Labour Income Share and Distribution

Just 10 per cent of workers receive nearly half of global pay

ILO, GENEVA- Ten per cent of workers receive 48.9 per cent of total global pay, while the lowest-paid 50 per cent of workers receive just 6.4 per cent, a new ILO dataset reveals.

What’s more, the lowest 20 per cent of income earners – around 650 million workers – earn less than 1 per cent of global labour income, a figure that has hardly changed in 13 years.  The new dataset shows that overall global labour income inequality has fallen since 2004. However, this is not due to reductions in inequality within countries – at the national level, pay inequality is actually increasing. Rather, it is because of increasing prosperity in large emerging economies, namely China and India. Overall, the findings say, income inequality remains pervasive in the world of work.

The Labour Income Share and Distribution dataset , developed by the ILO Department of Statistics, contains data from 189 countries and is drawn from the world’s largest collection of harmonized labour force survey data. It offers two new indicators for major trends in the world of work, at national, regional and global levels. One provides the first internationally comparable figures of the share of GDP that goes to workers – rather than capital – through wages and earnings. The second looks at how labour income is distributed.  The Key Findings  show that, globally, the share of national income going to workers is falling, from 53.7 per cent in 2004 to 51.4 per cent in 2017.

Looking at the average pay distribution across countries, it finds that the share going to the middle class (the middle 60 per cent of workers) declined between 2004 and 2017, from 44.8 per cent to 43 per cent. At the same time, the share earned by the top 20 per cent of earners increased, from 51.3 per cent to 53.5 per cent.

Countries where these top earners saw their share of national pay rise by at least one percentage point include Germany, Indonesia, Italy, Pakistan, the United Kingdom and the United States.

“The data show that in relative terms, increases in the top labour incomes are associated with losses for everyone else, with both middle class and lower-income workers seeing their share of income decline,” said Steven Kapsos, Head of the ILO’s Data Production and Analysis Unit. “However, when the labour income shares of the middle or lower income workers increase, the gains tend to be widespread, favouring everyone except the top earners.”

Poorer countries tend to have much higher levels of pay inequality, something that exacerbates the hardships of vulnerable populations. In Sub-Saharan Africa, the bottom 50 per cent of workers earn only 3.3 per cent of labour income, compared to the European Union, where the same group receives 22.9 per cent of the total income paid to workers.  Roger Gomis, Economist in the ILO Department of Statistics, said: “The majority of the global workforce endures strikingly low pay and for many having a job does not mean having enough to live on. The average pay of the bottom half of the world’s workers is just 198 dollars per month and the poorest 10 per cent would need to work more than three centuries to earn the same as the richest 10 per cent do in one year.”
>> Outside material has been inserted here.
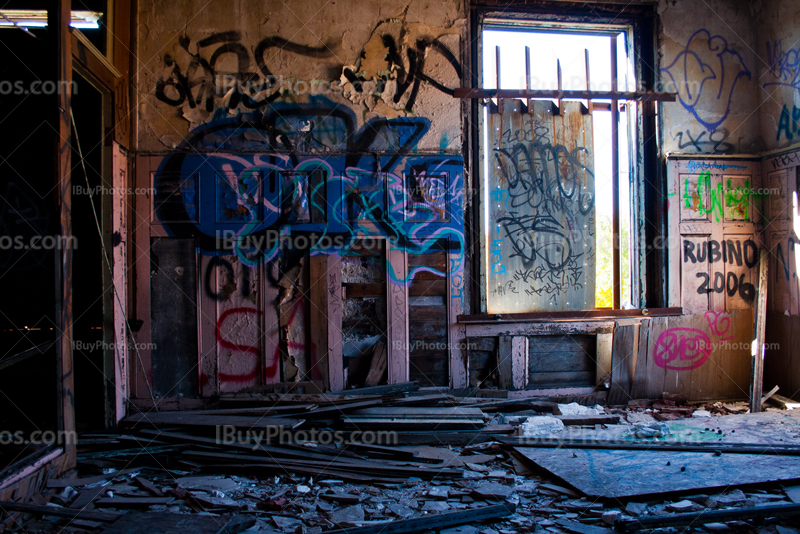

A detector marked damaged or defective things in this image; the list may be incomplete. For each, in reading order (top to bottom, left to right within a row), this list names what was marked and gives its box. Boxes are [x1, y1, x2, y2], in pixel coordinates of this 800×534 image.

peeling plaster wall [660, 0, 764, 155]
broken board [512, 448, 800, 502]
The release of the new dataset follows a recommendation in the report of the ILO Global Commission on the Future of Work , which highlighted the need for new indicators to more accurately track progress on well-being, environmental sustainability, equality and a human-centred development agenda. The new dataset will also be used to monitor progress towards the United Nations’ Sustainable Development Goals  (SDGs).